1. If the attachment by any govt agency (CBI, Court, Sales Tax, Income Tax, excise) is prior to the date of issue, then it is fraud also by drawer, a case under S.420 can also be made out for willfully issuing a dud cheque.
2. If the attachment is after the cheque issue date (generally when cheque is lying with payee for long or a PDC cheque), then drawer cannot be convicted, but the case will move and drawer has to prove that attachment by CBI etc was after the date of issue.
(Court cannot convict even if liability is proved and every other ingredients are proved, court cannot also convict by taking a logical line that drawer was informed by the notice and he knew about freeze as well as dishonor....)
For the simple reason, as soon as the account is frozen or attached, then it is no longer being maintained by the drawer (pre condition to S.138), it is not in the control of drawer..

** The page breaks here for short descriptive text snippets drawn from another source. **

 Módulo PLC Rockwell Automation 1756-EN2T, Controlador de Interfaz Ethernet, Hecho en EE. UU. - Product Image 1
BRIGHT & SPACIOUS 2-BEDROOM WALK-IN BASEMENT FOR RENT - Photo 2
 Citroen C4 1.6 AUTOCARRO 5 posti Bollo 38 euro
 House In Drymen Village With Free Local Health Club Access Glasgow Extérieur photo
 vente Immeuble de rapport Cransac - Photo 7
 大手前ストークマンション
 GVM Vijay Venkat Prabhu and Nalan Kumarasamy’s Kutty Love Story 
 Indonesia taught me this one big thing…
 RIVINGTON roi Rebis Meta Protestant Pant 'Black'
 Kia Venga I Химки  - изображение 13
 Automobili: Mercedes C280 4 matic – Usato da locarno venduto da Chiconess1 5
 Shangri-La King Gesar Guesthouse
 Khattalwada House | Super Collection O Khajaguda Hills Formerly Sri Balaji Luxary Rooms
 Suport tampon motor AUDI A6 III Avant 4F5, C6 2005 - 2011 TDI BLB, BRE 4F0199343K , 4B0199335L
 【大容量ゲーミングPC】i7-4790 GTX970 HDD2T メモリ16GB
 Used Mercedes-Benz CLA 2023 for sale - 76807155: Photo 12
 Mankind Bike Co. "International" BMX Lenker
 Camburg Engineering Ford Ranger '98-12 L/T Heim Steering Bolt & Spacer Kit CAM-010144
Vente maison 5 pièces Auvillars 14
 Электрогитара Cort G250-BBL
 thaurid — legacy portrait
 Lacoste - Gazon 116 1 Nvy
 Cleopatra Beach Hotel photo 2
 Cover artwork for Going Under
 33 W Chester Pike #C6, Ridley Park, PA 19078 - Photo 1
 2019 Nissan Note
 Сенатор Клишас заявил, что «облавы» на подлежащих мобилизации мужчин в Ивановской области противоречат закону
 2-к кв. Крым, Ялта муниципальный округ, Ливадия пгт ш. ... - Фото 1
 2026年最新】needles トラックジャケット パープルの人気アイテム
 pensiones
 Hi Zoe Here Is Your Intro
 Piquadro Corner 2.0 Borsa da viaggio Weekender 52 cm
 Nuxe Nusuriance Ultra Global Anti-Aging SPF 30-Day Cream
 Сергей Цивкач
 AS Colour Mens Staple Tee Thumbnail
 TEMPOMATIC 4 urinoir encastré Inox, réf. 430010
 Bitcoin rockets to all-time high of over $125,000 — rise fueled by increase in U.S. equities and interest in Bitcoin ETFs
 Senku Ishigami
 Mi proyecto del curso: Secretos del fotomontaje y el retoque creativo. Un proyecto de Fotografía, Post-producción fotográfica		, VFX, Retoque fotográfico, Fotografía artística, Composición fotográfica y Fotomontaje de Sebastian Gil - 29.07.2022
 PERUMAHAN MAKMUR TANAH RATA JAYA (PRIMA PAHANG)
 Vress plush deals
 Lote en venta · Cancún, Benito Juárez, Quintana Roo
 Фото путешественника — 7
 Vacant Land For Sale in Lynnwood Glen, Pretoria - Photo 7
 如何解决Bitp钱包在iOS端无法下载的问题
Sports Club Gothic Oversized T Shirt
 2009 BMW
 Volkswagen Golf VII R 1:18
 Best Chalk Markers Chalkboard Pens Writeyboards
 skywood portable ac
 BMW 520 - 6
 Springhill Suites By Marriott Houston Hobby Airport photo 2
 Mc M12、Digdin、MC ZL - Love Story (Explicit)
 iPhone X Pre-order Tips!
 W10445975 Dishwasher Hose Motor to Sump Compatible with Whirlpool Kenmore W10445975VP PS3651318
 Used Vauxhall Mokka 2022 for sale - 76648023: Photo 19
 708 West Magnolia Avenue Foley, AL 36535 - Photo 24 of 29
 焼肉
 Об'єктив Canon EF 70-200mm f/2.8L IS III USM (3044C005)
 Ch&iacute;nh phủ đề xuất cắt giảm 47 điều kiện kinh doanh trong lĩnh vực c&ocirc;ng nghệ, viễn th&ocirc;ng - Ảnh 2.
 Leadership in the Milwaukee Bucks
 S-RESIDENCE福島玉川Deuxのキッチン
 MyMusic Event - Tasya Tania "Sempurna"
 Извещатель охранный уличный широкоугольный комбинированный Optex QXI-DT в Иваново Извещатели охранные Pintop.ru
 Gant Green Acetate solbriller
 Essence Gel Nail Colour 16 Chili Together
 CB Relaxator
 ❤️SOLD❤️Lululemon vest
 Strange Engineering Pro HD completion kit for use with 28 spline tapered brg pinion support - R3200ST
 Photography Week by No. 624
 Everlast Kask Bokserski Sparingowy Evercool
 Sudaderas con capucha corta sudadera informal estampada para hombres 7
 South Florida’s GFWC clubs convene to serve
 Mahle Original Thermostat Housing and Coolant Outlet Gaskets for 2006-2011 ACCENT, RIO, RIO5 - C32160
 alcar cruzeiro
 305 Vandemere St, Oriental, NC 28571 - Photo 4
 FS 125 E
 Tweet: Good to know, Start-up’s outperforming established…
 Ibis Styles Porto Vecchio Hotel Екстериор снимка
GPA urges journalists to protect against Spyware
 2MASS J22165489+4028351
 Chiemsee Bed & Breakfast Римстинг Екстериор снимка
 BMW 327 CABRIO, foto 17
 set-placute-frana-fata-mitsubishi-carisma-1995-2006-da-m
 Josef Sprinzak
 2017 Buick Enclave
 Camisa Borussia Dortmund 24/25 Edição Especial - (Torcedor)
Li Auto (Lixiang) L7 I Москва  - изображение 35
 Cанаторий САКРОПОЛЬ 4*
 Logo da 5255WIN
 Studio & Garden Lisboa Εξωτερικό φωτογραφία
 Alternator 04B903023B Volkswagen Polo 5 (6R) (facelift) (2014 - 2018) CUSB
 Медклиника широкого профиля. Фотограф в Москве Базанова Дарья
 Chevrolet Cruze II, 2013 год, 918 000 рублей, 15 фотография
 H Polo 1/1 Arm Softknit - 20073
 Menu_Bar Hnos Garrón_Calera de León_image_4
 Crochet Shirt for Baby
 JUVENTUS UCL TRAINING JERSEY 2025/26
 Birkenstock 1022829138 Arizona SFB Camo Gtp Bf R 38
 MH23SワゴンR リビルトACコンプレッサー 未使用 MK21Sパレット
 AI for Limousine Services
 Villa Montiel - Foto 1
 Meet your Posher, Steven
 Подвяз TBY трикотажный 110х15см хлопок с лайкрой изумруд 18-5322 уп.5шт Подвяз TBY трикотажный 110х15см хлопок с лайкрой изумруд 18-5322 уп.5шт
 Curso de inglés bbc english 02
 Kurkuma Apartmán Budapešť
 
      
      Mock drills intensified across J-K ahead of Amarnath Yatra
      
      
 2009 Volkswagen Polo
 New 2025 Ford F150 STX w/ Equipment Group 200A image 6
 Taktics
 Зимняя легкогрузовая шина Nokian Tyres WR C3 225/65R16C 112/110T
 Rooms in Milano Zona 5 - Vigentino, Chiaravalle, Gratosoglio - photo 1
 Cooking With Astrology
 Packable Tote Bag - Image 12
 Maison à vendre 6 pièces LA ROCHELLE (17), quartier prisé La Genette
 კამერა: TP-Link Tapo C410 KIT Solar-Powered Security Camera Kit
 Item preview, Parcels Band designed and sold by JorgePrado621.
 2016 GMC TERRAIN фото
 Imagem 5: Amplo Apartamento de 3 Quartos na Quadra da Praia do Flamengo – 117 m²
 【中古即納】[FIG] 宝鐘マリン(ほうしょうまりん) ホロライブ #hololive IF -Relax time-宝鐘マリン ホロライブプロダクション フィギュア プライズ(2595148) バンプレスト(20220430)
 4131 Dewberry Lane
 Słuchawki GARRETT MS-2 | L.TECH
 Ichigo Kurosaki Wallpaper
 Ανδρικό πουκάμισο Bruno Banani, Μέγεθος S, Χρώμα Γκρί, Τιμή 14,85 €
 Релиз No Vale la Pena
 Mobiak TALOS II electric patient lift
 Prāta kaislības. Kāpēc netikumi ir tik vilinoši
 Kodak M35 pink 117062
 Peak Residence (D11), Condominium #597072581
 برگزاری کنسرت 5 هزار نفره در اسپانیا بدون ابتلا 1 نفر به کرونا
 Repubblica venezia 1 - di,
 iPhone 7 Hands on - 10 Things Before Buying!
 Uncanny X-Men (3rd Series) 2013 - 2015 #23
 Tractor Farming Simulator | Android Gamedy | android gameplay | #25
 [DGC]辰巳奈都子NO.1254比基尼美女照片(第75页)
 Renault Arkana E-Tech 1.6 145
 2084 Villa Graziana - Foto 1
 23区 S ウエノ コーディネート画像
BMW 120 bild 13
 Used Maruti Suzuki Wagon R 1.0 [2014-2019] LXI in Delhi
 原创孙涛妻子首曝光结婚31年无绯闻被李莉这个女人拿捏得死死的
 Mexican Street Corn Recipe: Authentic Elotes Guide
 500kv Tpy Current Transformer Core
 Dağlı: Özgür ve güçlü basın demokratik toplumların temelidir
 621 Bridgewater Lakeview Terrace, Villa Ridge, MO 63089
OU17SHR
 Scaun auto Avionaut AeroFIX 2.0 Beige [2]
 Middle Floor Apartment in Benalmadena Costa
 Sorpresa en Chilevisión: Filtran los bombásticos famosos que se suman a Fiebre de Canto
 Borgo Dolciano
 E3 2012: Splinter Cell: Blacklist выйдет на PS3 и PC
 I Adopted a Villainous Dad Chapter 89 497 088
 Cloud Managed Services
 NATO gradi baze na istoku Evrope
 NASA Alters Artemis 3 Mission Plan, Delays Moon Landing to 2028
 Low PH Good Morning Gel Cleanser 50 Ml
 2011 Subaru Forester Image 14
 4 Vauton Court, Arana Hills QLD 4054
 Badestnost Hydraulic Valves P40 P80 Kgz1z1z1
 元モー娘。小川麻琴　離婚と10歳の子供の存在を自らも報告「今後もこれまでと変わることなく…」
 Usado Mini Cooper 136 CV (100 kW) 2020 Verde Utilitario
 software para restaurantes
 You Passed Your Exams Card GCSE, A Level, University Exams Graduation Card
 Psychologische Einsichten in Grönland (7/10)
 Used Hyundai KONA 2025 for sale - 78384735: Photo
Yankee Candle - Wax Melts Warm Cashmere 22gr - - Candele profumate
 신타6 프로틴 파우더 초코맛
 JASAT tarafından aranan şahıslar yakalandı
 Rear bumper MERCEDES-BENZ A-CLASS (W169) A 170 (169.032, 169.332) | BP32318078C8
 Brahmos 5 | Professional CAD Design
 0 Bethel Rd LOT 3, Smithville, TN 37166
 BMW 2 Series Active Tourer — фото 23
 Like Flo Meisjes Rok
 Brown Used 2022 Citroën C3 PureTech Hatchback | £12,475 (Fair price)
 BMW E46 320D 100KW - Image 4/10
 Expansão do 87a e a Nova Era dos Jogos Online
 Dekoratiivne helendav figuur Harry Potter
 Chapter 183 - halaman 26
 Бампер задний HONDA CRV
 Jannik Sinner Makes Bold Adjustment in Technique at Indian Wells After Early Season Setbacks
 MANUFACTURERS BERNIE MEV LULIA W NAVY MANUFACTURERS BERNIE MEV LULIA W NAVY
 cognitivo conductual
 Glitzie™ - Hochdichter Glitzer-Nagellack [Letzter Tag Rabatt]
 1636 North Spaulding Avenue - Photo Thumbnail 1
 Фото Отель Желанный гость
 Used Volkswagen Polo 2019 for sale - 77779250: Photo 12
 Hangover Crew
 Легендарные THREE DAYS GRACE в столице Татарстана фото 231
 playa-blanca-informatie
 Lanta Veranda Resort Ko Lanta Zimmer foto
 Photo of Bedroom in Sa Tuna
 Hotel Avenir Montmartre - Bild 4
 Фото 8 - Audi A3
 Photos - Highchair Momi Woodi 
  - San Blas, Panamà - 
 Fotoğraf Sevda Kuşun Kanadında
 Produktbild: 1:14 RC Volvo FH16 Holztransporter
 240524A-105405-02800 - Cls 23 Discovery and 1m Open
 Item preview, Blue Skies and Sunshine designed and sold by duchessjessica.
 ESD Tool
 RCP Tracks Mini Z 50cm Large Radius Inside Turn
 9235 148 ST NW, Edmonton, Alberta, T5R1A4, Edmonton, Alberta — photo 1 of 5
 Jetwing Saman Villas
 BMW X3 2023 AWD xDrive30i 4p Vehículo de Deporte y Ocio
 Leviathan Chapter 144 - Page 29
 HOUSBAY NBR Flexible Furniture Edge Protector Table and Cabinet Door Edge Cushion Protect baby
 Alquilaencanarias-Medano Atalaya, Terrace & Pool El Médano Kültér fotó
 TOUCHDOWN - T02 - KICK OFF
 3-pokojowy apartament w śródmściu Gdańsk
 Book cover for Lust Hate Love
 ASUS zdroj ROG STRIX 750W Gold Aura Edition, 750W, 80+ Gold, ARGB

Conviction is the perverse order of the trial court if it is ordered after proof of such fact that account was frozen after the issue of the cheque.
Despite the fact that parliament has realised that S.138 is too harsh and too much of a pain for accused, the trial courts are hell bent on convicting the accused. With due respect these courts are working more on common sense, (if the cheque is there, that means liability and convict), but they must realise strict interpretation of statue is required in criminal case, which they are not doing.
You are left with no option but to fight, with due respect these are complex issues requiring indepth interpretation and are beyond the level of Hon / Ld trial courts, higher courts can only give authoritative pronouncements. Take the help of above citation of Delhi HC and prepare your argument.